Listening to this story one of the elders lit up with an epiphany. She said simply, “Oh, you are the Stolen Ones.”

This elder had been taught, throughout her life, to include prayers for the “stolen ones” when she prayed for her ancestors. The Stolen Ones were children who had gone to a village market and never returned. Legend had it that one day a traveler revealed how, when he was on the coast, he had seen hordes of children being boarded onto boats. He suggested to the villagers that their lost children might still be alive.

The elder shared that she had never fully understood the significance of the Stolen Ones. Now she did. The descendants of the Stolen Ones were sitting before her. These women were her family.

No longer strangers

For many in the Cultural Reconnection group, including Arunga, this moment was life-changing. They learned that people had been praying for them for many years. They had been remembered. They were no longer strangers. They belonged. They had a homeland.

Now as the groups travel in Kenya, Arunga says “People treat us as if we’re home.” Delegation alumni have gone on to participate in joint social ventures with Kenyan communities in areas like education, healthcare, water, and income generation. The alumni contribute, not to provide charity, but because they care about their ancestral homeland.

When the missions travel, African women leaders often accompany them for portions of the trip. The groups are honored and welcomed wherever they go. In Kisumu, the mayor always greets them. On one visit, she announced a surprise: Barack Obama’s grandmother, Sarah, who lived in a village two hours away, wanted to meet them. Several of the groups have now met with Sarah Obama and she has told them, “I’m so happy to meet Barack’s sisters.”

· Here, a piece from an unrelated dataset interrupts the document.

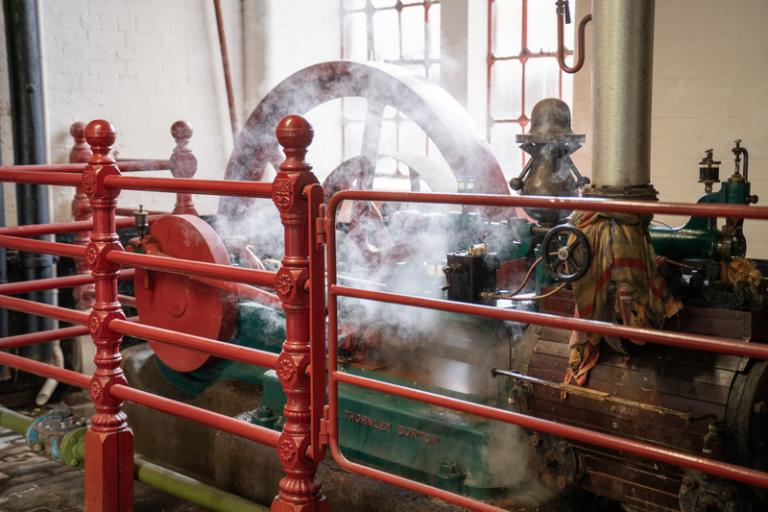 A huge, brightly coloured machine of the Victorian era belches steam.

For Maxine Mimms, now 89, watching older African women changed her relationship to aging. In America, Mimms said, older people are “conveniently dependent” and spend a lot of time complaining. In Kenya, elders are not accommodated when they board a bus or walk long distances. Yet they don’t complain. In fact, many live with joy. Mimms says elders are “inconveniently independent,” suggesting that this might be a better model for aging here as well.

On her trips, Mimms learned to roll with inconveniences like bouncing over large potholes while riding on buses. Yet in so doing, she experienced her own joy. She made permanent friends. Mimms says, “Kenya is what is helping me live in America.” For her, the most important gift of the missions was personal growth. Cultural Reconnection “caused me to live longer. It gave me life. It’s what has kept me alive.”

Even today, when she can no longer travel to Africa, Africa lives in her. In Kenya, she says, “I reclaimed myself.”

Sally Fox is a coach, speaker, podcaster, and owner of Engaging Presence, a firm that helps individuals and organizations develop and share their best brand stories. She is currently working on a book about finding your creative work in the third act of life. Find her blog at engagingpresence.com and listen to her podcasts at 3rdActMagazine.com.

Discussion

  1. Victoria;

    Such an honor to see this story on Cultural Reconnection which for those of us on the Vision and Planning Team has been our heart work for almost two decades. And to think this article was born out of a conversation between Sally Fox and me during our photo shoot with you in Sodo. Thank you for such consistent excellence in portraying the vibrant lives of us baby boomers!

  2. LueRachelle Brim-Atkins

    Beautifully written, Sally, and your article captures the spirit of Cultural Reconnection! Thank you for telling our story so well!

  3. I am Kenyan American. In early 2000 had the privilege of travelling with my lovely sisters.
    Every time that my sisters wowed I was given a chance to rediscover my motherland viewing via their lenses.
    A definite positive life changing journey.